Starting with the line that holds "Bol pentru salată" and stopping after the line that holds "Westine⚫https://www.fiverr.com/rasedul2028 branding design", repeat the lines below word for word, without the pictures.
MATERIAL TO PROCESS below:
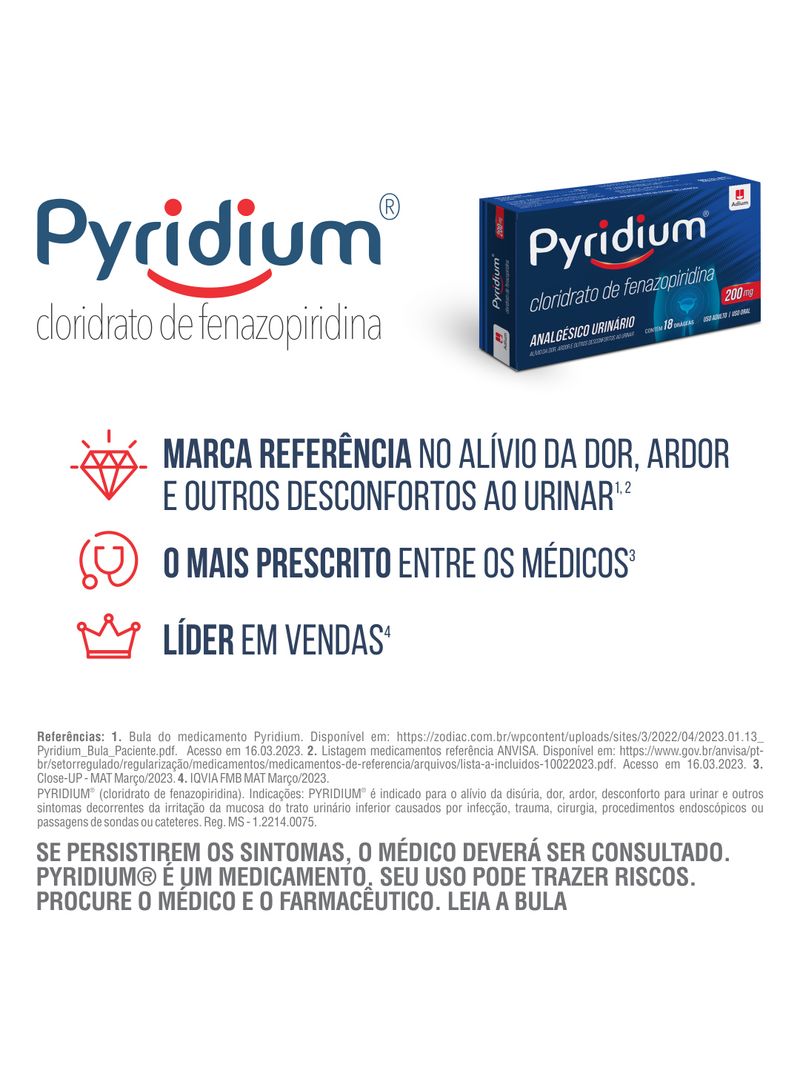 Pyridium-200mg-Com-18-Drageas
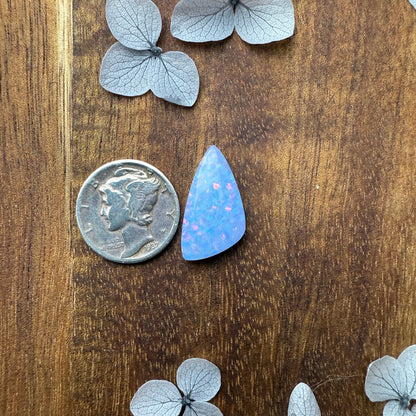 Glitter Opal Cabochon - approx. 20 x 10 x 3.9 mm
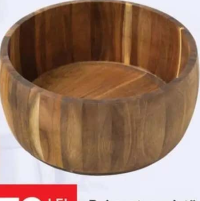 Bol pentru salată material: lemn acacia, dimensiuni: 28x28x12 cm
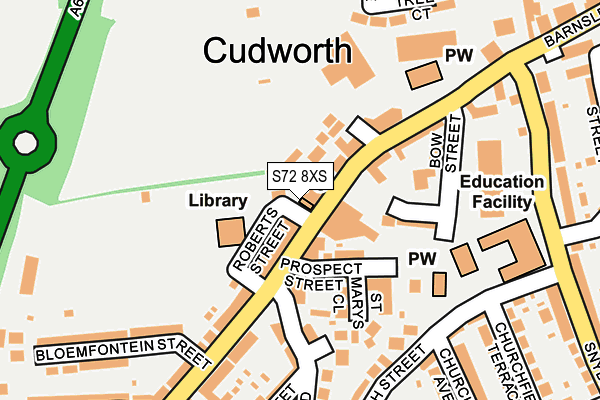 S72 8XS map - OS OpenMap – Local (Ordnance Survey) S72 8XS map - OS OpenMap – Local (Ordnance Survey)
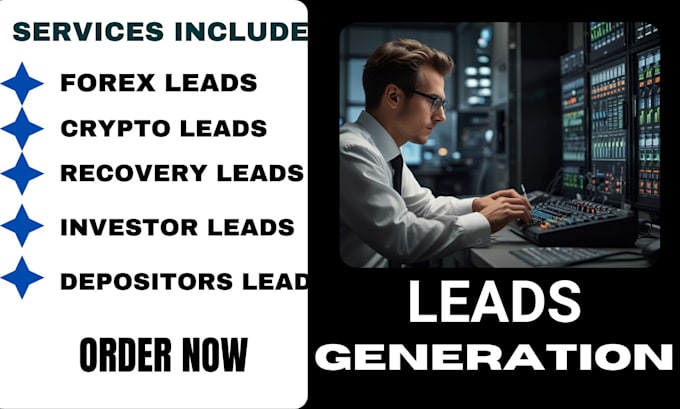 Gig Preview - Deliver crypto investor leads hot forex leads crypto emails mlm and b2b leads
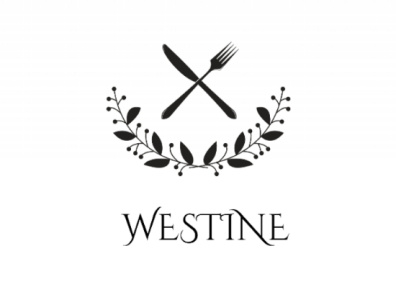 Westine⚫https://www.fiverr.com/rasedul2028 branding design flat hotel kitchen logo minimal restaurant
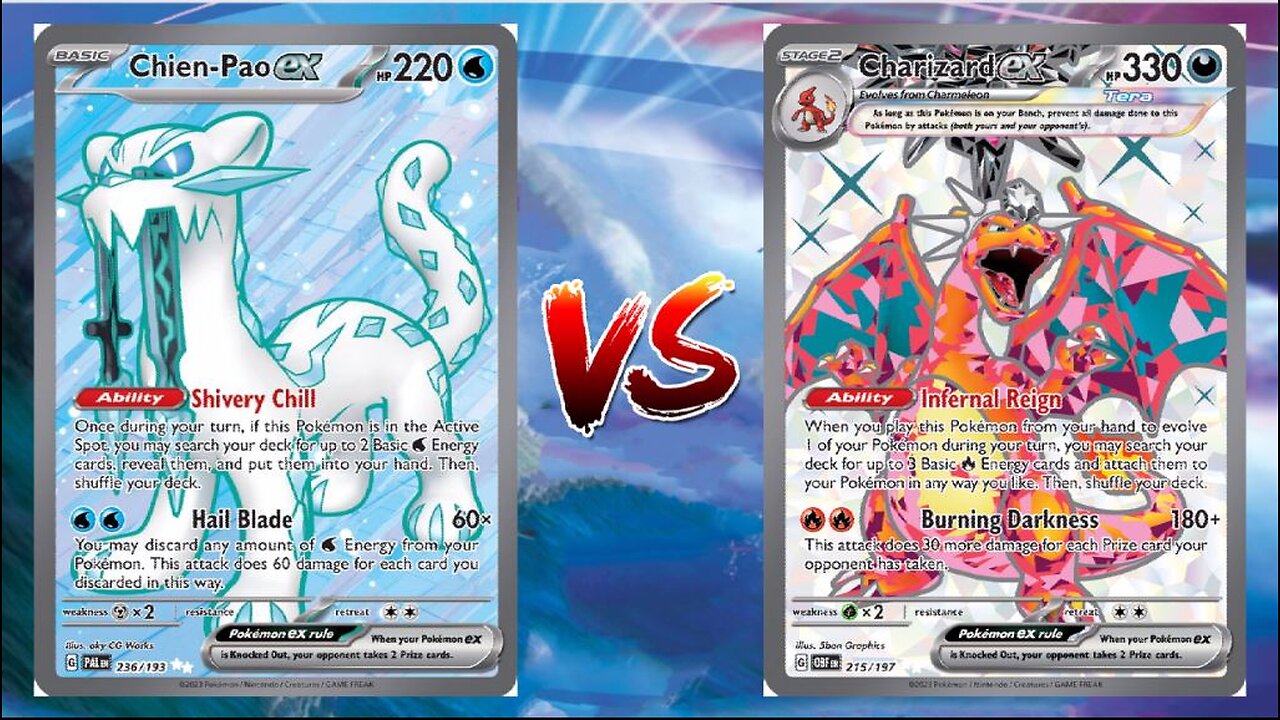 Pokemon TCG Live Chien-Pao Baxcalibur VS Charizard EX!!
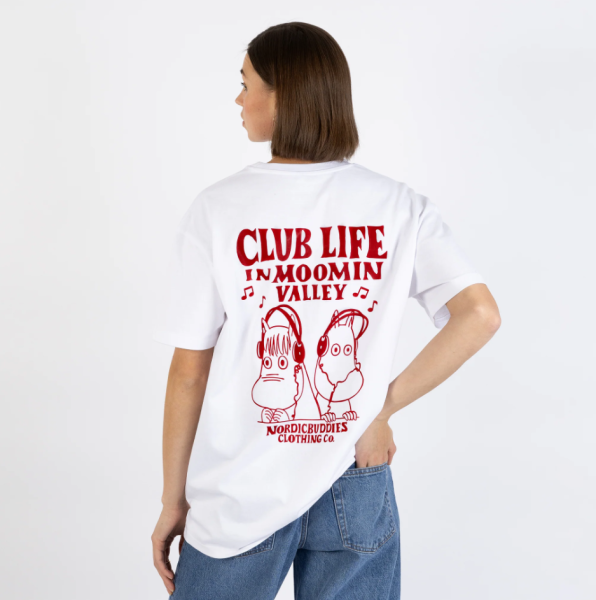 Aikuisten t-paita Club Life-5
End of MATERIAL TO PROCESS.
**RESPONSE TO THE EXERCISE**
 Bol pentru salată material: lemn acacia, dimensiuni: 28x28x12 cm
 S72 8XS map - OS OpenMap – Local (Ordnance Survey) S72 8XS map - OS OpenMap – Local (Ordnance Survey)
 Gig Preview - Deliver crypto investor leads hot forex leads crypto emails mlm and b2b leads
 Westine⚫https://www.fiverr.com/rasedul2028 branding design flat hotel kitchen logo minimal restaurant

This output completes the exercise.